Few things give me more joy, as a concertgoer, than watching a musician figure their shit out on stage. Nelly, 17 years into his solo career, proved to be a sophisticated enough musician to get his legs under him as the show went on. After a few early misses that were fun but hard to endure from a musical standpoint, Nelly found himself. Like a man who finally put on his eyeglasses after feeling around on the floor for them over the past 30 minutes, the “NellyxColumbus Orchestra” show went from an experiment to an actual, fleshed-out experience. Nelly, for my ears, has always worked best when he isn’t pressing, when he finds a consistent musical pocket to rest in. His cadence is too brilliantly unpredictable to work in any other way. As the sun began to set and the orchestra rolled into “Ride Wit Me,” it sounded familiar, comfortable, less of a mess. As they settled, Nelly settled. He seemed more excited, jumping back to give the symphony director an endearing dap after they got through “Grillz” with incredible precision. Watching everyone on the stage was, in some ways, like watching a basketball player get hot after missing a few shots. During “The Fix,” the director was in full-on club mode, bouncing his shoulders as he aggressively waved his arms, the horn players stomping their feet in unison.

It is something, watching a vision come together against the odds. I think, more than anything, I needed to believe that this unlikely union could be pulled off. In a week of answering for art, or answering for life, or answering for both, I found myself first rooting for the spectacle and then rooting for the spectacular. I was rooting for Nelly, who first sweated because he was nervous, and then, I imagine, found himself sweating with the rush of excitement. As the night drew to a close — the park cloaked in darkness but for the lights kissing the top of the stage — Nelly and the orchestra, which by then felt like his orchestra, closed with a sparse version of “Dilemma.” It was mostly strings and backup singers, and a crowd swaying; Nelly hit the final note, singing but not really singing, as always. He walked offstage to an ovation, even from the orchestra, and came back for an encore that I do not recall, because I found myself still basking in what I had already deemed the perfect ending.

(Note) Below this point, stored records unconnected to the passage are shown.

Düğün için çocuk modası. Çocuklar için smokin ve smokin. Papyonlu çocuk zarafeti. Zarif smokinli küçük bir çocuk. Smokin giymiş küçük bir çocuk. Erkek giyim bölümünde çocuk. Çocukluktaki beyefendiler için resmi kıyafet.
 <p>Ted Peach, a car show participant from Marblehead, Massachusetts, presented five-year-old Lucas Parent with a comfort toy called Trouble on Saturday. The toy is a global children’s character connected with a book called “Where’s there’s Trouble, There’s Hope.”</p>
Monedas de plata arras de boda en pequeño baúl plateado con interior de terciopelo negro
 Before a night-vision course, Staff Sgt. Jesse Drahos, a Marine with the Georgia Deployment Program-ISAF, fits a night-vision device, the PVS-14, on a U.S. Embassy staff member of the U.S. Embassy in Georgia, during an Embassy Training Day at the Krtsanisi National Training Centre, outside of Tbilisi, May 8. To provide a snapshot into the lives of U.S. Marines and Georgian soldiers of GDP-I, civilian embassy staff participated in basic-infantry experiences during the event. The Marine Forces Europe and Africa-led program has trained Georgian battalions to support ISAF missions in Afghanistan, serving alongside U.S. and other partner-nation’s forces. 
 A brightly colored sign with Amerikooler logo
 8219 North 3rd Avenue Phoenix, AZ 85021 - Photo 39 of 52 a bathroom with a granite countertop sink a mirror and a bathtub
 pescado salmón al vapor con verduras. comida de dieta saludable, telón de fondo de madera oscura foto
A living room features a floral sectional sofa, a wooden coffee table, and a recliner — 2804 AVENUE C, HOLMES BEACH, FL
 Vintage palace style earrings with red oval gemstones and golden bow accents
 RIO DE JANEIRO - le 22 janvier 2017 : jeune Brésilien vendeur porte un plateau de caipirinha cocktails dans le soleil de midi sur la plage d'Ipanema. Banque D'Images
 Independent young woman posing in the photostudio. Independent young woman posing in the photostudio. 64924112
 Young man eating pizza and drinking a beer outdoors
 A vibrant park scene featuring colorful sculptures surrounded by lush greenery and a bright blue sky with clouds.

Surely, someone will speak of how it is dangerous to romanticize something as ridiculous as a rapper on the back end of his career, rapping songs with an orchestra, even in a city where it had never been done before — even in a city inside of a Midwestern state that people confuse for other cities inside of the same Midwestern state. I consider that — the danger of romanticizing — and still say that I have nothing but the romance I lay over all of the things I cannot take with me. I am afraid, perhaps as you are afraid, and I have doubts about all of the things that I thought would save me. There are hours, weeks, and days where I wish to collect nothing beyond the moments that begin as disasters and then somehow push their way to a kind of startling beauty. This, too, is “the work” that we often hear so much about when people are dying, and marching, and slapping the palms of their hands on a kitchen table to silence a racist family member. I am trying, if only for a moment, to get a brief glimpse of what rests on the other side of grief, if we are to believe another side exists. A collection of memories can be an archive to revisit when all else is unbearable. Nelly and an orchestra did not change the world. I looked at my phone upon leaving, and there was still everything that was there before I went into the show. That’s the reality of the world, and has been for as long as I’ve been here. And here I am still, standing in the midst of it all with a handful of things that maybe shouldn’t be beautiful, but they’re all I’ve got to get by. In these moments, they are the most beautiful things I’ve ever seen.